# Importance of Election/God's Sovereignty



## Bondman (Jan 1, 2007)

How important is election? I am newly reformed and I'm thinking that if someone is truly Arminian, isn't that a works-based salvation? Do we just say that they are confused? 

Also, the truth of election inevitable comes up whenever I share the gospel. I tell people to pray and ask God for grace and mercy that He would enlighten them since they are naturally dead in trespasses and sins and would in no other way receive the truth. An elder recently advised me not to even mention election in evangelizing. Thoughts?


----------



## Devin (Jan 1, 2007)

Here's my 

Martin Luther once said something to the effect that the debate on freewill is important because we need to know how much to praise God for our salvation. We need to know how much to attribute to ourselves and to our God. While free will is related, I think this sentiment also applies to election. 

At its worst, Arminianism can become a works-based salvation (look at Dan Corner for example). However, you'll find most Arminians know the catchphrases of evangelical Christianity. If you ask them if they believe they're saved by works, their internal alarms will go off and they'll strongly deny it. But, if you start to push them in certain areas, they find it hard to reconcile Arminianism and sola gratia. 

Anyways, let me get back to election itself. Once you study the doctrine, it opens your eyes more and more as to how important and foundational to so many other areas of theology and the Christian life. It effects worship, evangelization, sanctification, how you read the Bible in general, etc, etc. Thus, it is a very, very important doctrine.

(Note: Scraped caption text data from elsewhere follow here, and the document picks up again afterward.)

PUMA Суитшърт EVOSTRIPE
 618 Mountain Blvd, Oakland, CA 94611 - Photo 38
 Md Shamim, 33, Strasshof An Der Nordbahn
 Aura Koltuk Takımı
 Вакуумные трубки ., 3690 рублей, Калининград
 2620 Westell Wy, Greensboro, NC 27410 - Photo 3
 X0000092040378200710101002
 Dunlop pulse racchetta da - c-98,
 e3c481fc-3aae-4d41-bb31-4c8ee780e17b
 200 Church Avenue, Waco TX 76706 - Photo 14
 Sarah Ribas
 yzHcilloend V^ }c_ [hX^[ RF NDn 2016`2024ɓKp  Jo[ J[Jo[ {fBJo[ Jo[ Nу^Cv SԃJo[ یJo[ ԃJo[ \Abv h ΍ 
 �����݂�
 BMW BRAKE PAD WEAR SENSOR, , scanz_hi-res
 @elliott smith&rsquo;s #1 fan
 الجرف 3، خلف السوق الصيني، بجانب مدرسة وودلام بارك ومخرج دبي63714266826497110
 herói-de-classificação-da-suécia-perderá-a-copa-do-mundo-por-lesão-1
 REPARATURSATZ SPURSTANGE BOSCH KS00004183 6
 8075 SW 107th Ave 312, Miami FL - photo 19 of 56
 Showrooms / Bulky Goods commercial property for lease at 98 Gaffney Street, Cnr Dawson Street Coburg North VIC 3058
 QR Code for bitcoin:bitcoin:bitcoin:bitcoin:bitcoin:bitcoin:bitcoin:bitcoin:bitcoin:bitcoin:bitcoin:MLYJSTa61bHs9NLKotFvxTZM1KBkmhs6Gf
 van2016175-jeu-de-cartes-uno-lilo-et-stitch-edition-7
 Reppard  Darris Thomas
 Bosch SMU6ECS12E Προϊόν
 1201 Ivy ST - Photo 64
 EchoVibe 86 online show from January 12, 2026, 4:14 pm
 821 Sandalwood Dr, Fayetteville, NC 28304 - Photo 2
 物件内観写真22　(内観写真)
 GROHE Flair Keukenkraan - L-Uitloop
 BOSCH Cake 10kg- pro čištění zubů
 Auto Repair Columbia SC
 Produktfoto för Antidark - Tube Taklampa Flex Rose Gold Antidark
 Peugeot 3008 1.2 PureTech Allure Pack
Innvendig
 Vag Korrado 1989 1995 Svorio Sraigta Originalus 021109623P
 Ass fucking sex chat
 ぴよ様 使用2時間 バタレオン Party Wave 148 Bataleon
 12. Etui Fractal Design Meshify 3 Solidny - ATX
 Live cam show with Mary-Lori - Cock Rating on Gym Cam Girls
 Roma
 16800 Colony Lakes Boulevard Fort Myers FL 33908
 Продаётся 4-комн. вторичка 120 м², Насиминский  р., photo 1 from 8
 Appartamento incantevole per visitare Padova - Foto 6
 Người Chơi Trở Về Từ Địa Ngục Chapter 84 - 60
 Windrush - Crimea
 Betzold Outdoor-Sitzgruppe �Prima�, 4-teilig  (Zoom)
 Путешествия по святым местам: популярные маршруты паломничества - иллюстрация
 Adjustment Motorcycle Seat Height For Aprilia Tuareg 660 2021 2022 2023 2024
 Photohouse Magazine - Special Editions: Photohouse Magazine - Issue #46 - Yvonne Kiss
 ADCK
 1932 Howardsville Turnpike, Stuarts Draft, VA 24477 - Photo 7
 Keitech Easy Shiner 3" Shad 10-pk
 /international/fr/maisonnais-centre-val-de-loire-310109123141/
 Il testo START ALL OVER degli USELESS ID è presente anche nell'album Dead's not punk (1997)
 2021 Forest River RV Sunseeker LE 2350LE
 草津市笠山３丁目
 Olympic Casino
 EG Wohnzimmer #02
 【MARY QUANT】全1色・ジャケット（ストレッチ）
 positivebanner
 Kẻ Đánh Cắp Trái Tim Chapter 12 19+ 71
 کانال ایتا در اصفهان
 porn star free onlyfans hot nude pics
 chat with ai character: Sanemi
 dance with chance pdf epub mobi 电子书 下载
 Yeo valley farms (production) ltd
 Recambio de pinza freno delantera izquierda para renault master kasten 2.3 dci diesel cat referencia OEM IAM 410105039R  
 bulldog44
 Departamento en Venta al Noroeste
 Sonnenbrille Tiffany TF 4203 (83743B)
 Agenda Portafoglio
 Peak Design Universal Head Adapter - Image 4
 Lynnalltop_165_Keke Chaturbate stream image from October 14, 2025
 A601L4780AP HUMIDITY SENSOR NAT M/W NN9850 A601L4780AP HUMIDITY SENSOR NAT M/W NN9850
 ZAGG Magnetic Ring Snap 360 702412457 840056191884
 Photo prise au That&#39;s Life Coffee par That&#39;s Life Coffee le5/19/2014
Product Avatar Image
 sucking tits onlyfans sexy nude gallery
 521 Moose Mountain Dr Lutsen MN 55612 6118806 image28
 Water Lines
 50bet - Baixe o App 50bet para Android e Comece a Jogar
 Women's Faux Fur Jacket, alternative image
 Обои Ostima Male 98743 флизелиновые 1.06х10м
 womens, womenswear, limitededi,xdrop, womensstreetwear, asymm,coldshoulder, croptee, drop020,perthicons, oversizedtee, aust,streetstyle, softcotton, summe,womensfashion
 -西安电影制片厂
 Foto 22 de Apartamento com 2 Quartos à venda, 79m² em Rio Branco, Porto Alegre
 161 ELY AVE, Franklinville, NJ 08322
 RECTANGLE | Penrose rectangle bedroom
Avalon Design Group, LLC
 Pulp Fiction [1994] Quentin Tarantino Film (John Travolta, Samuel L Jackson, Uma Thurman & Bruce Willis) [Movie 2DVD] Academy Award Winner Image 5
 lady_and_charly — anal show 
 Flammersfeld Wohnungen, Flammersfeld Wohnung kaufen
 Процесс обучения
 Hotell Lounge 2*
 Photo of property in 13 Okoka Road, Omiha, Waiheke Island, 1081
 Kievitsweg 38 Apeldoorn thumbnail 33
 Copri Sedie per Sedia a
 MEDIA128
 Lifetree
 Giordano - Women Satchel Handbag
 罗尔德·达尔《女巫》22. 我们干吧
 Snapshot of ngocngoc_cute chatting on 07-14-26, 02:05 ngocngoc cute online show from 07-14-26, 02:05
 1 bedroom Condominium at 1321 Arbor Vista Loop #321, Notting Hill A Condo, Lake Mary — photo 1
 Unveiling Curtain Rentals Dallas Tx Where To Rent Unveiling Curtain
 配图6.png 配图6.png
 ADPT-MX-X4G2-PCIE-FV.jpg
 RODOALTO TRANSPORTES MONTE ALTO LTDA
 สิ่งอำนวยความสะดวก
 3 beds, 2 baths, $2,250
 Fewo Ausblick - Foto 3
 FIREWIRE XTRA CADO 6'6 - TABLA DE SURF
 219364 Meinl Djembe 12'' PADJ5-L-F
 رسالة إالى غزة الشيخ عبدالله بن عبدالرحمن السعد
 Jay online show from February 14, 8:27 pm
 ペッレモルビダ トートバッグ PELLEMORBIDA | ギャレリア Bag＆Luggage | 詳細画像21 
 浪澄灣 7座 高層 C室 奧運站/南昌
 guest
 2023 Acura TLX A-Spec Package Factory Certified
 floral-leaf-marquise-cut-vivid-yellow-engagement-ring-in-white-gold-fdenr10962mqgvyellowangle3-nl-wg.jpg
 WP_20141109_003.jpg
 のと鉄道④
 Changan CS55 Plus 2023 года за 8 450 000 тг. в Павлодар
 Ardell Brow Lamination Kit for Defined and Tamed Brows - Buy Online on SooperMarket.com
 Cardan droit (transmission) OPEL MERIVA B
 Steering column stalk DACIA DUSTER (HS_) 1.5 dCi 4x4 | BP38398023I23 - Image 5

That being said, I think it could be argued that there are other doctrines more important and more in need of being proclaimed in our modern context. Justification, while not unconnected to election, is obviously one of the big ones, but there are others. Right now, it seems to me that one of the main issues is apply sola scriptura instead of just affirming it. If it was applied more often and with greater seriousness, these other doctrines would be addressed too.


----------